Kirchengemeinde

Was ist eigentlich … eine Kirchengemeinde?

Im allgemeinen Sprachgebrauch kursieren immer wieder unterschiedliche Bezeichnungen für unsere Gemeinden. Welche ist richtig? Was ist gemeint?

Zugrunde liegt allen Formulierungen das Wort „Gemeinde“. Auf kommunaler Ebene ist damit eine Körperschaft eines bestimmten Gebietes gemeint. Im kirchlichen Kontext verstehen wir unter einer Gemeinde eine Versammlung von glaubenden Menschen, die den Glauben leben, miteinander teilen und feiern.

Erst im Laufe der Geschichte haben sich die heutigen Gemeindeformen herausgebildet. Der Begriff „Pfarrei“ (vom griechischen Wort paroikía) wird wohl vom ursprünglichen pár-oikos = am Haus abgeleitet. Die ersten christlichen Gemeinden bildeten sich in der Nachbarschaft und trafen sich zunächst in Hauskirchen. Erst ab dem 6. Jahrhundert wurde die Seelsorge neu strukturiert und bestimmten Kirchen zugeordnet. Daraus entwickelte sich ein flächendeckendes System von Pfarreien. Der Vorsteher der Pfarrei war der Bischof. Dieser übertrug die Seelsorge aber einem Kleriker, der Pfarrer genannt wurde.

Rund um besondere Kirchen, z.B. Pilgerorte, bildeten sich darüber hinaus „Kapellengemeinden“, die sich um die jeweilige Kirche kümmerten, aber auch Teil einer größeren Pfarrei waren.

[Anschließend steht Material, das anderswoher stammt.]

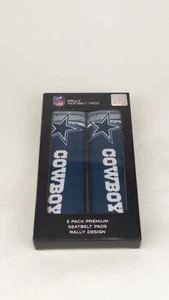 New NFL Dallas Cowboys Car Truck Suv Van Rally Seat Belt Pads Covers Set - Picture 1 of 6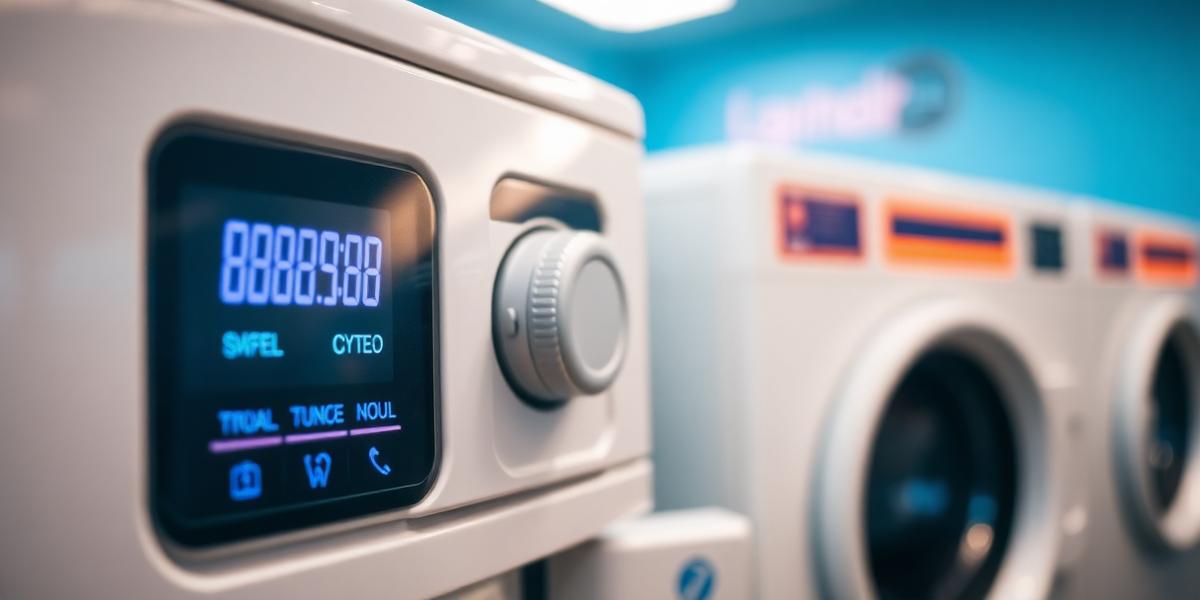 Moderne wasmachine bedieningspaneel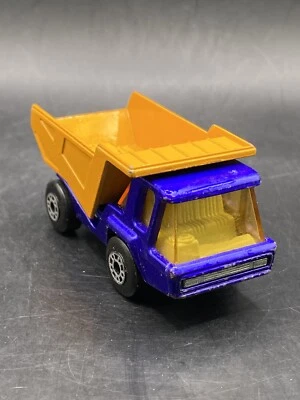 Matchbox Lesney Superfast #23 Atlas in blue & orange Vintage Collectible Toy - Image 1 of 4
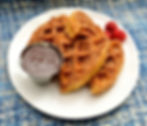 Cinnamon-sugar Coated Churro Belgian Waffles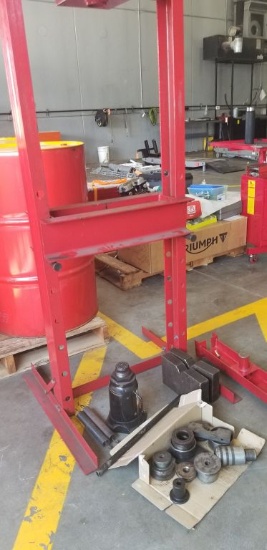 20 TON SHOP PRESS - DISASSEMBLED
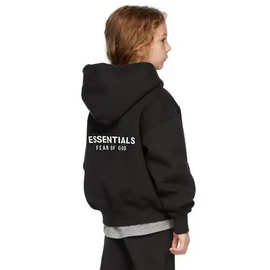 ESSENTIALS加绒连帽衫儿童卫衣秋冬重磅宽松美式潮牌外贸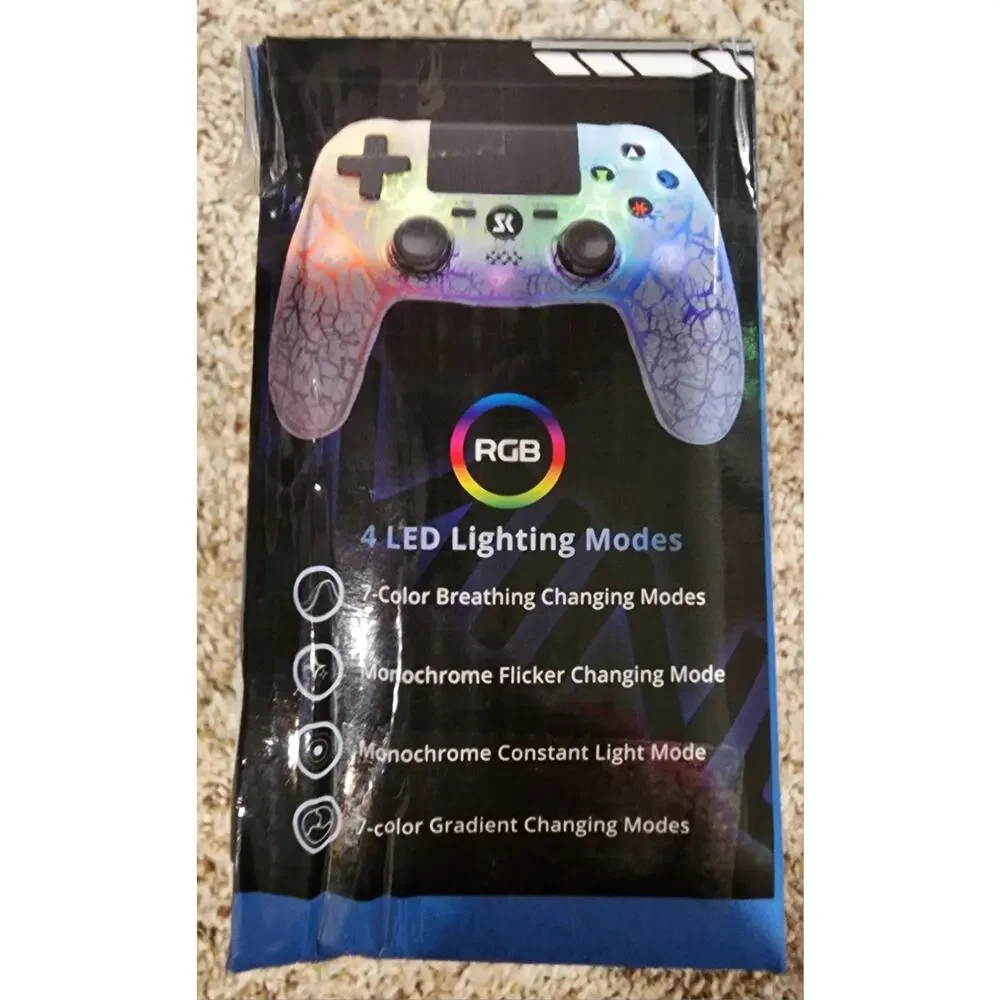 Wireless Controller for PS4, Controller Compatible with PS4/Pro/Slim,Double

Der Begriff „Pfarrgemeinde“, den wir heute oft verwenden, kommt im katholischen Kirchenrecht nicht vor. Dort ist nur von der „Pfarrei“ die Rede. Von der Pfarrei ist die „Kirchengemeinde“ zu unterscheiden. Dieser Begriff kommt im katholischen Kirchenrecht ebenfalls nicht vor. In Deutschland ging das Allgemeine Preußische Landrecht von evangelischen Begrifflichkeiten aus und betrachtete die Kirchengemeinde wegen deren Funktion bei der Vermögensverwaltung als juristische Person. Dies setzte sich im Staatskirchenrecht durch, so dass der Staat die Gesamtheit der Angehörigen einer Pfarrei als Kirchengemeinde betrachtete. Rechtsträger der Pfarrei war damals die Kirchenstiftung. Daher kommt der Kirchengemeinde heute in Deutschland eine entscheidende Bedeutung im Staatskirchenrecht zu, wobei sie jedoch von der Pfarrei zu unterscheiden ist. So kann eine Pfarrei durchaus aus zwei Kirchengemeinden bestehen, die dann auch jeweils einen Vermögensverwaltungsrat (Verwaltungsrat, Kirchenverwaltungsrat) haben.

Noch verwirrender ist, dass die Begriffe sich auch von Region zu Region, von Bistum zu Bistum unterscheiden. Während in Bayern in vielen Gemeinden noch von der Kirchenstiftung die Rede ist, sprechen wir selbstverständlich vom Kirchenvorstand als Gremium, das staatskirchenrechtlich der Rechtsträger ist. Die Kirchengemeinde gilt staatlich als Körperschaft öffentlichen Rechts. Die Pfarrei dagegen ist die maßgebliche Größe kirchlichen Rechts.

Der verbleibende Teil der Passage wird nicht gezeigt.